§ Instructions for the task:
Return the data below exactly as given, except for the images.
═══ Extracted information
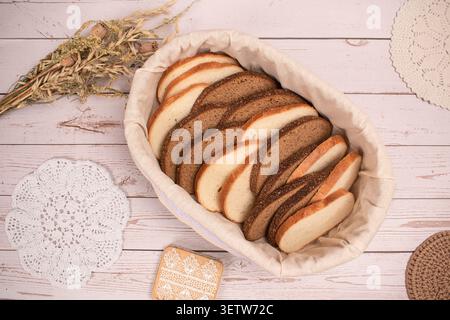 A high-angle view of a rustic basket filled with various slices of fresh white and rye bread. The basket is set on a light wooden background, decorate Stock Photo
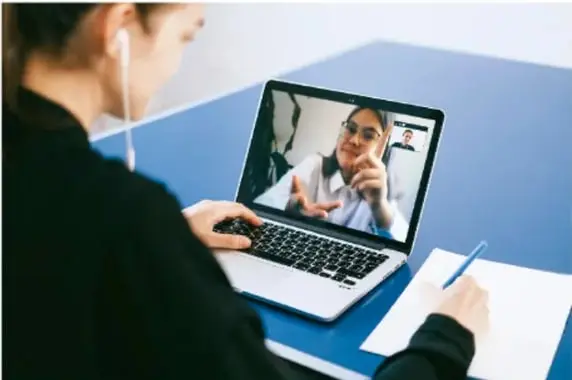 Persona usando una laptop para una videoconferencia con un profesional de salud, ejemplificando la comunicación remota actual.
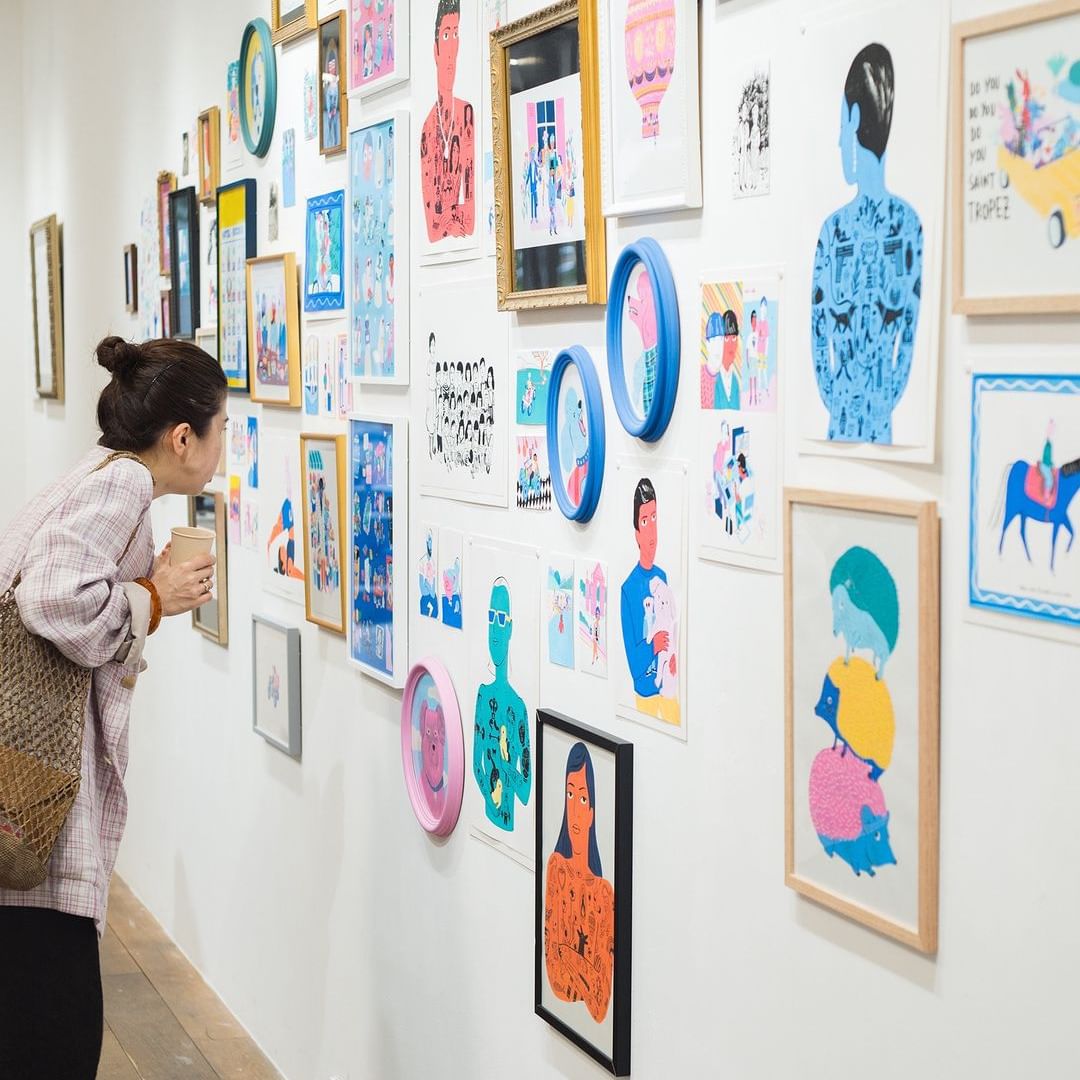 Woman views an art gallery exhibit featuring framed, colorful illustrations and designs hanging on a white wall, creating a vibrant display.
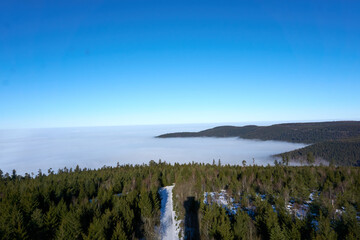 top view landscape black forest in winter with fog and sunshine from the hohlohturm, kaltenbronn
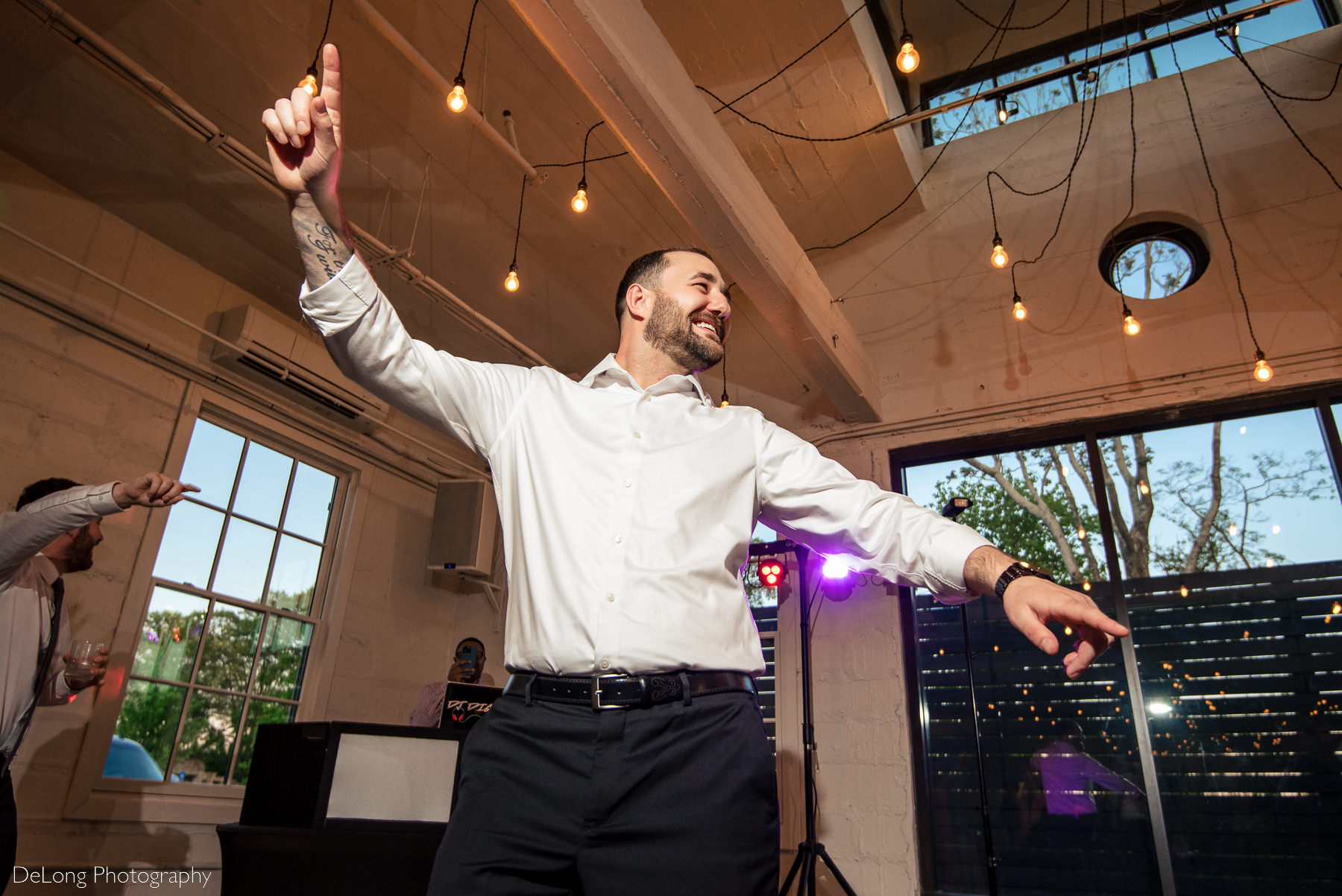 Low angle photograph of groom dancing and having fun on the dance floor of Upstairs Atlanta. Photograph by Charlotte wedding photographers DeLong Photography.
══════
§ Output below:
 A high-angle view of a rustic basket filled with various slices of fresh white and rye bread. The basket is set on a light wooden background, decorate Stock Photo
 Persona usando una laptop para una videoconferencia con un profesional de salud, ejemplificando la comunicación remota actual.
 Woman views an art gallery exhibit featuring framed, colorful illustrations and designs hanging on a white wall, creating a vibrant display.
 top view landscape black forest in winter with fog and sunshine from the hohlohturm, kaltenbronn
 Low angle photograph of groom dancing and having fun on the dance floor of Upstairs Atlanta. Photograph by Charlotte wedding photographers DeLong Photography.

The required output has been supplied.